*** Opening of RECORDS PROVIDED ***

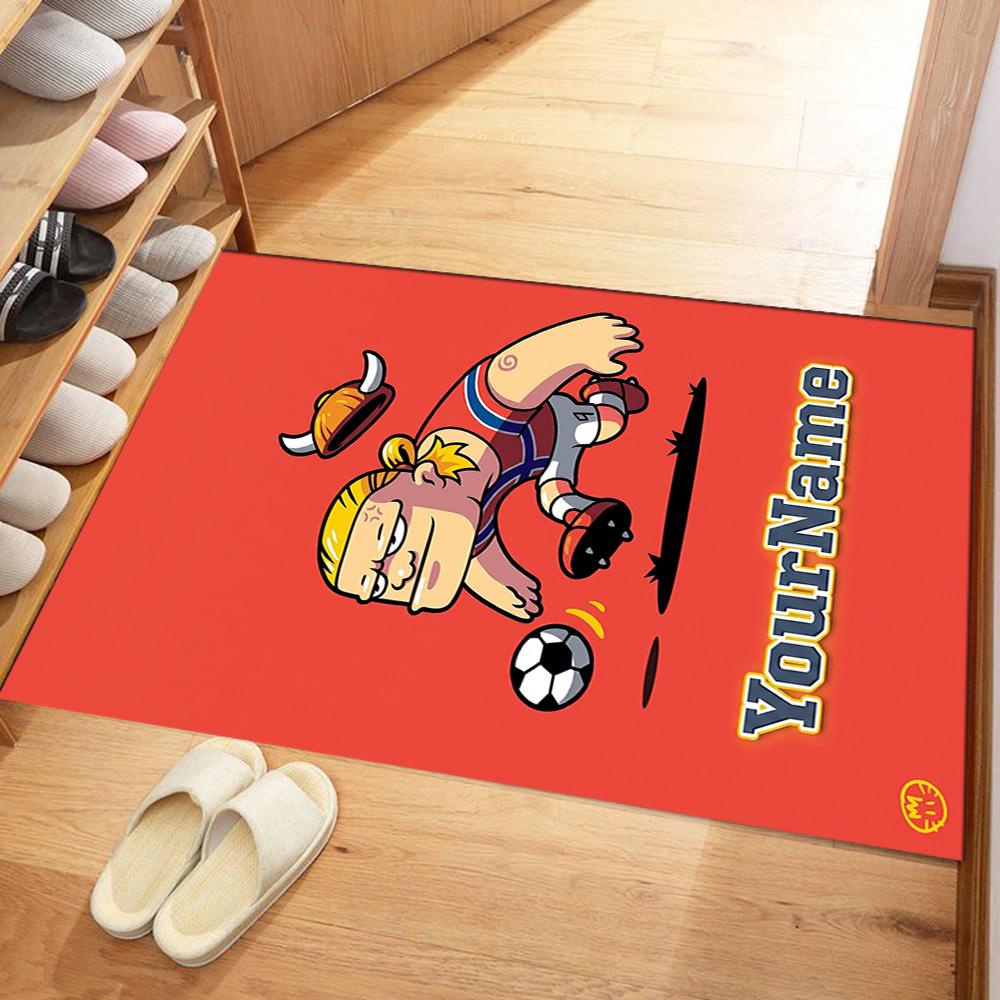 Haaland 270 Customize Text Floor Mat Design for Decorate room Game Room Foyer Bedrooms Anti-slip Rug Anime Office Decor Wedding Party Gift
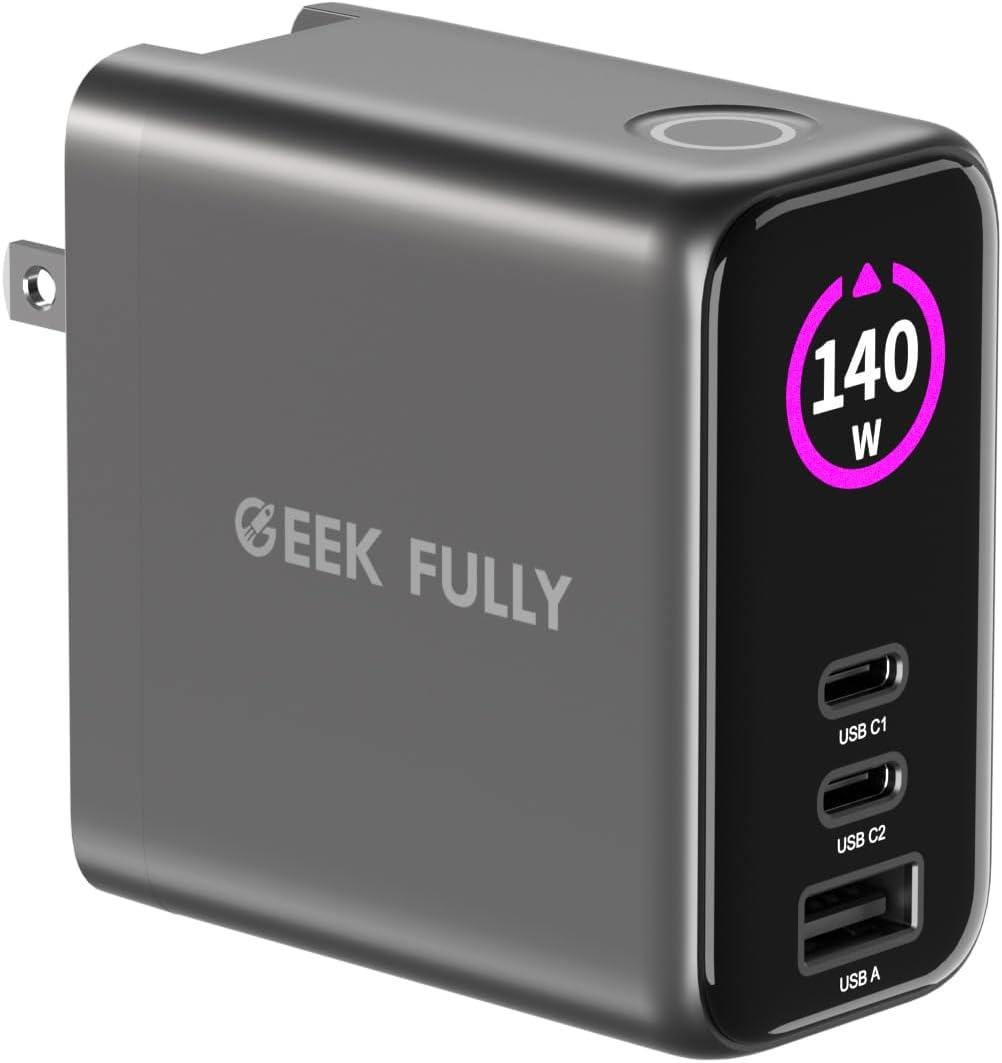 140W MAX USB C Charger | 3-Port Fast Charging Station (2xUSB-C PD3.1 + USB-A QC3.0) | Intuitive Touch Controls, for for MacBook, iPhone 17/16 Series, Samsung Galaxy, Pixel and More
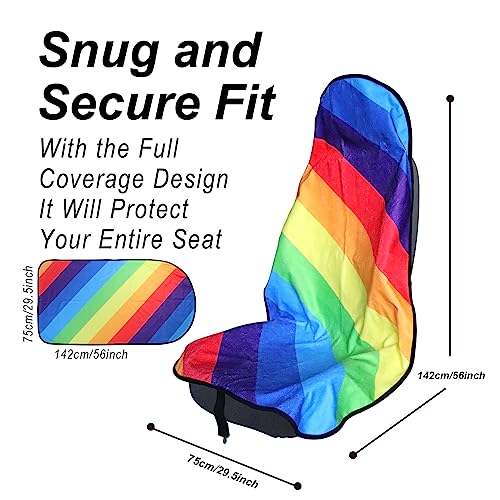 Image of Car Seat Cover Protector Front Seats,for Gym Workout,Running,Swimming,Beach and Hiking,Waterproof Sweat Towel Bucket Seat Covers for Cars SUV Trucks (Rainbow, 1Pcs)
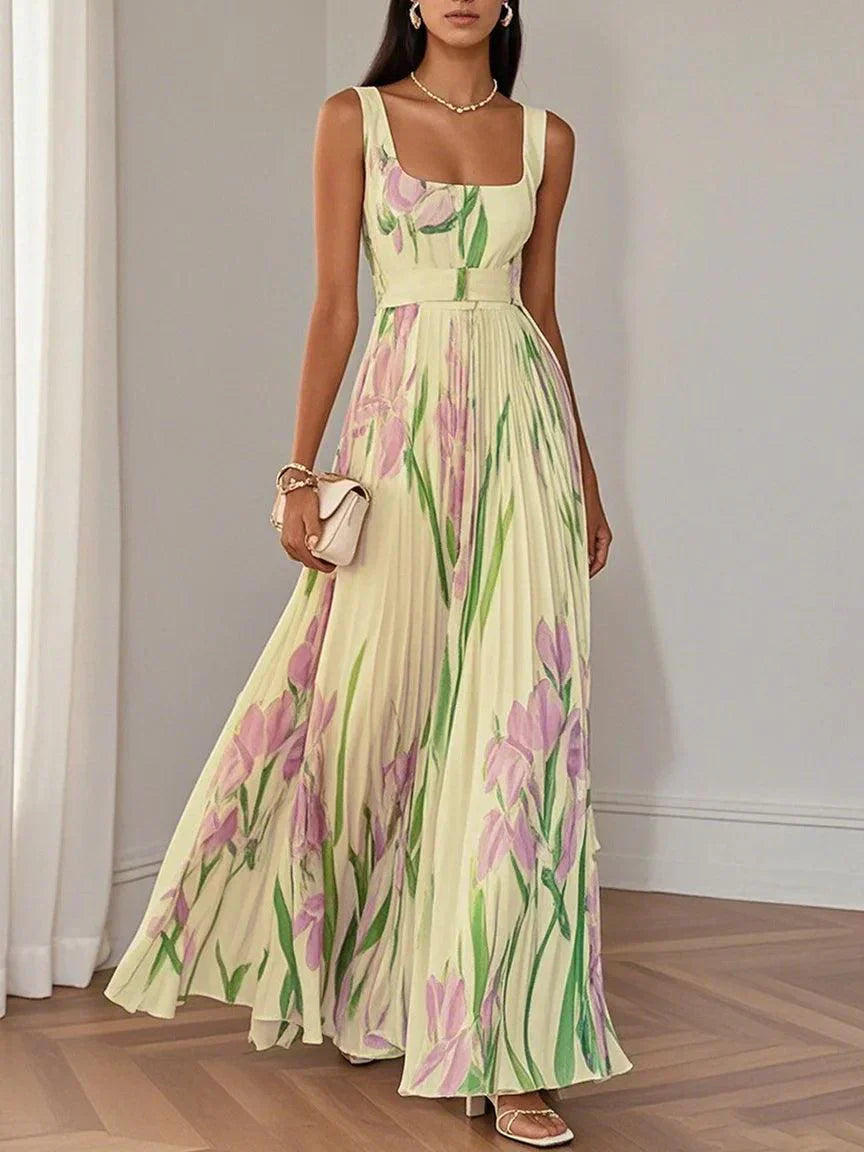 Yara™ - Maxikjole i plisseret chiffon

*** Close of RECORDS PROVIDED ***
*** Opening of RECORDS PROVIDED ***

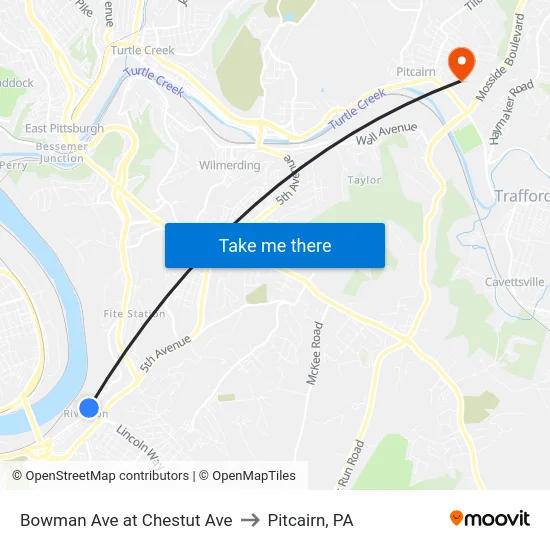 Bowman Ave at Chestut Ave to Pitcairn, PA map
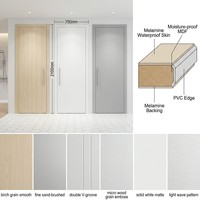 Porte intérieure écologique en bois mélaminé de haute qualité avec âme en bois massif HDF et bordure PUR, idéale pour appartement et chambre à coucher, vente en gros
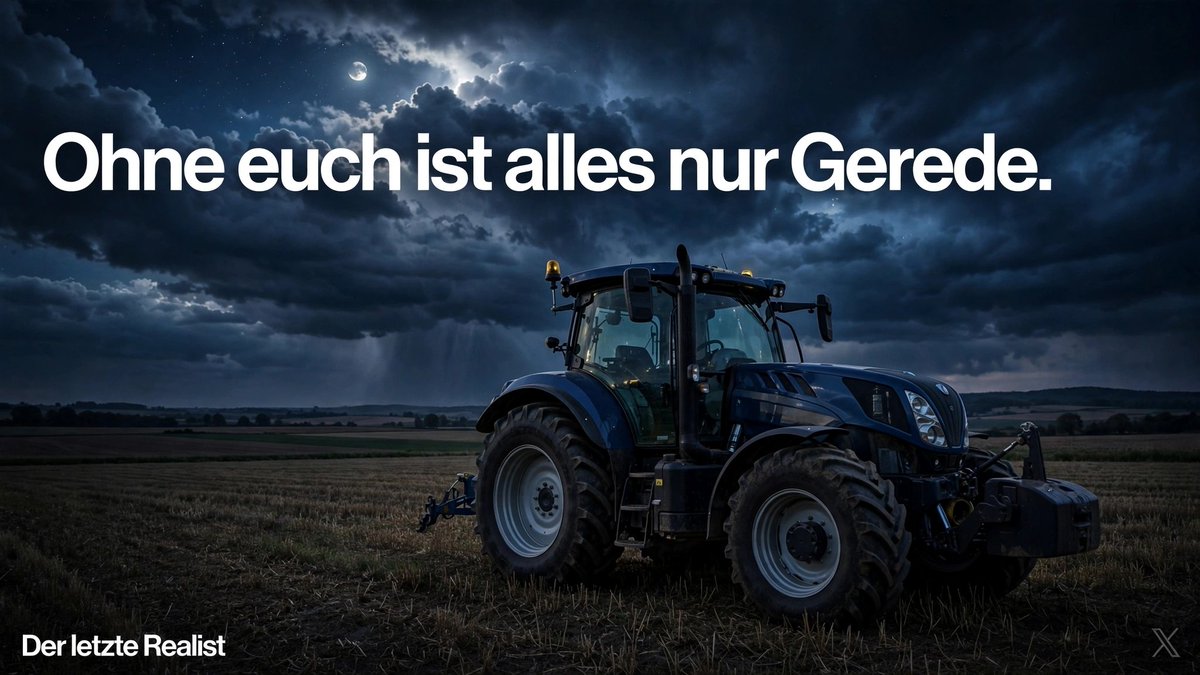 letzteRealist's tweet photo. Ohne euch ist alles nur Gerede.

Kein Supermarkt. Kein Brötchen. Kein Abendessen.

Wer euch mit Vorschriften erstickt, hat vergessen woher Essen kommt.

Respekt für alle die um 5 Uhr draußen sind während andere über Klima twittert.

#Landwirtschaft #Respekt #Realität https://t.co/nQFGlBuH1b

*** Close of RECORDS PROVIDED ***
*** Opening of RECORDS PROVIDED ***

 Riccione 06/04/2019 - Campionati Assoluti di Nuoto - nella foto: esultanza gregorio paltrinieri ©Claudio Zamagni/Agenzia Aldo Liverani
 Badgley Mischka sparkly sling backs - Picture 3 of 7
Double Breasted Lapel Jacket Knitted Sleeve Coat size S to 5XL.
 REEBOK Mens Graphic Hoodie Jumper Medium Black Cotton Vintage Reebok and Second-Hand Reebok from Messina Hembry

*** Close of RECORDS PROVIDED ***

■ WHAT IS REQUIRED
Copy all the lines from the data above that hold the word "Respekt".

■ YOUR RESPONSE
Respekt für alle die um 5 Uhr draußen sind während andere über Klima twittert.
#Landwirtschaft #Respekt #Realität https://t.co/nQFGlBuH1b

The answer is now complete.